- **Task prompt**
Restate every line below word for word, but drop each picture.

(Supplied material)

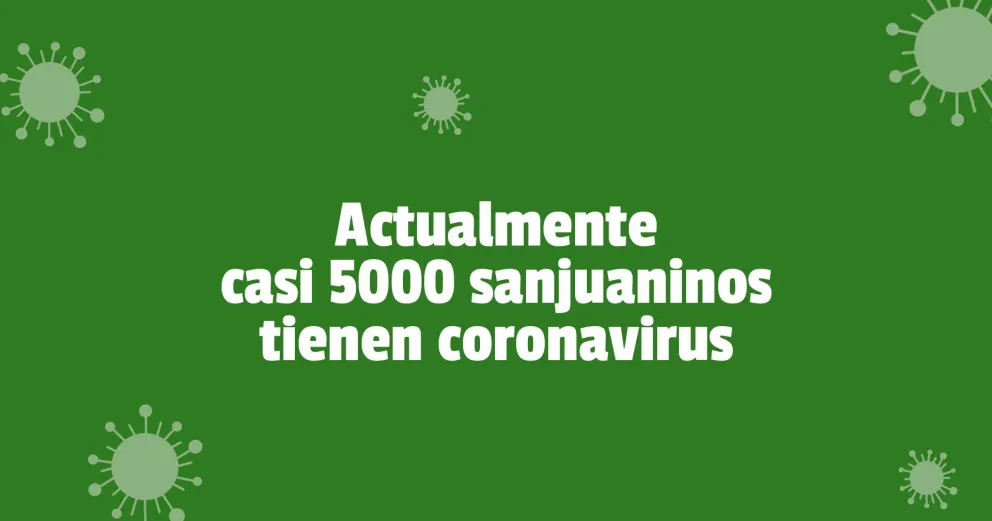 Coronavirus en San Juan: cinco nuevos decesos y 276 contagios en 24 horas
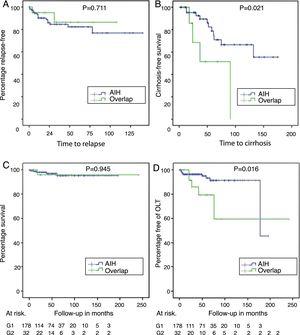 Relapse-free survival in those who achieved biochemical or partial remission (panel A), cirrhosis-free survival in those with F3 or unreported fibrosis (panel B), differential survival in patients with AIH and overlap syndrome (panel C) and transplant-free survival in AIH and overlap (panel D).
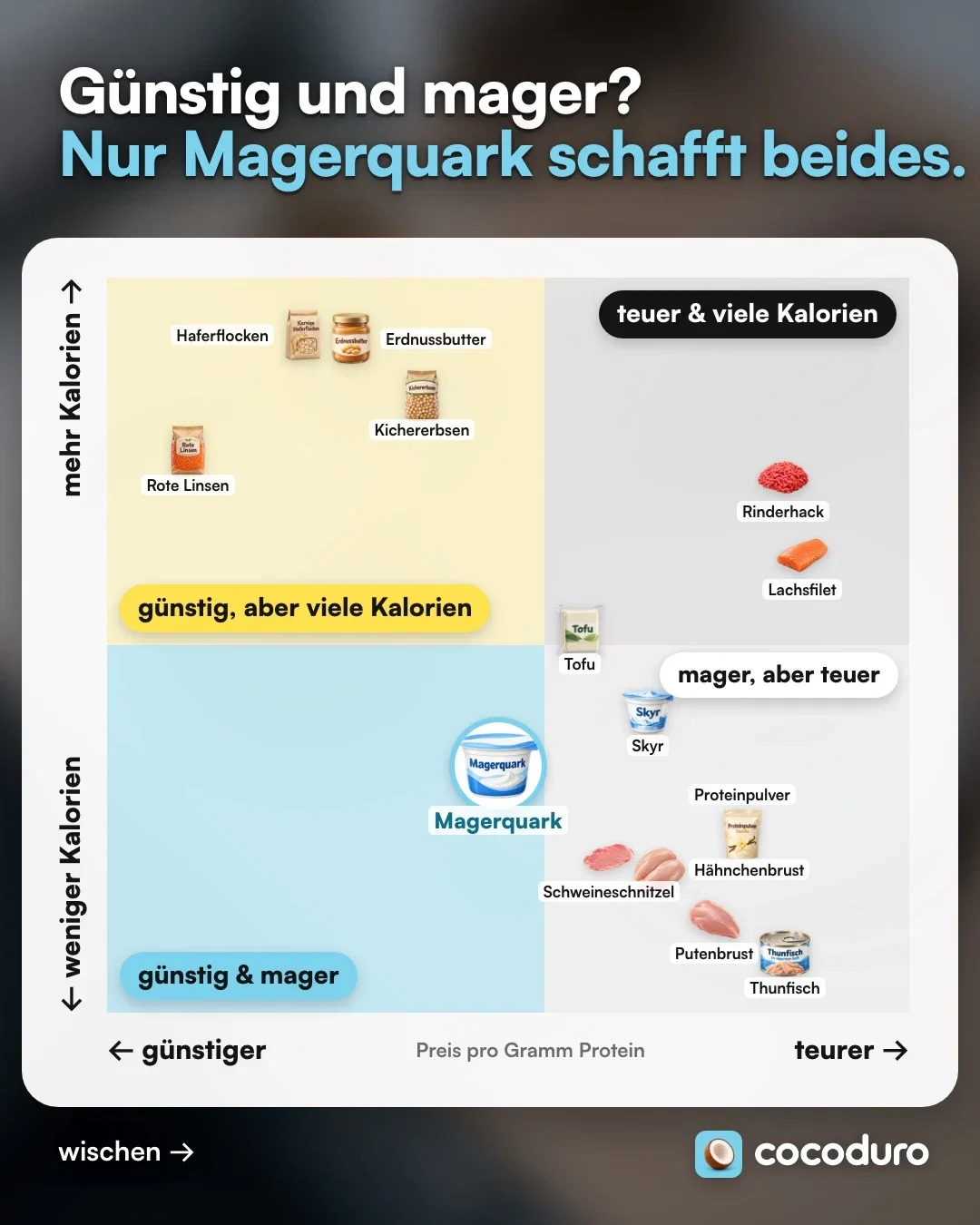 Matrix aus Preis pro Gramm Protein und Kalorien: Haferflocken, Erdnussbutter, Kichererbsen und Rote Linsen sind günstig, aber kalorienreich; Rinderhack und Lachs teuer und kalorienreich; Skyr, Proteinpulver, Hähnchenbrust, Putenbrust, Schnitzel und Thunfisch mager, aber teuer; nur Magerquark ist günstig und mager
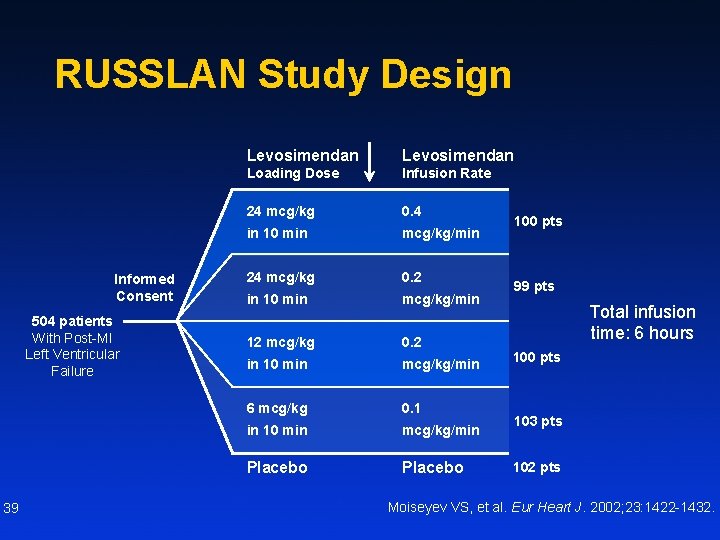 RUSSLAN Study Design Informed Consent 504 patients With Post-MI Left Ventricular Failure 39 Levosimendan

(End Supplied material)

- **Response to this exercise**
 Coronavirus en San Juan: cinco nuevos decesos y 276 contagios en 24 horas
 Relapse-free survival in those who achieved biochemical or partial remission (panel A), cirrhosis-free survival in those with F3 or unreported fibrosis (panel B), differential survival in patients with AIH and overlap syndrome (panel C) and transplant-free survival in AIH and overlap (panel D).
 Matrix aus Preis pro Gramm Protein und Kalorien: Haferflocken, Erdnussbutter, Kichererbsen und Rote Linsen sind günstig, aber kalorienreich; Rinderhack und Lachs teuer und kalorienreich; Skyr, Proteinpulver, Hähnchenbrust, Putenbrust, Schnitzel und Thunfisch mager, aber teuer; nur Magerquark ist günstig und mager
 RUSSLAN Study Design Informed Consent 504 patients With Post-MI Left Ventricular Failure 39 Levosimendan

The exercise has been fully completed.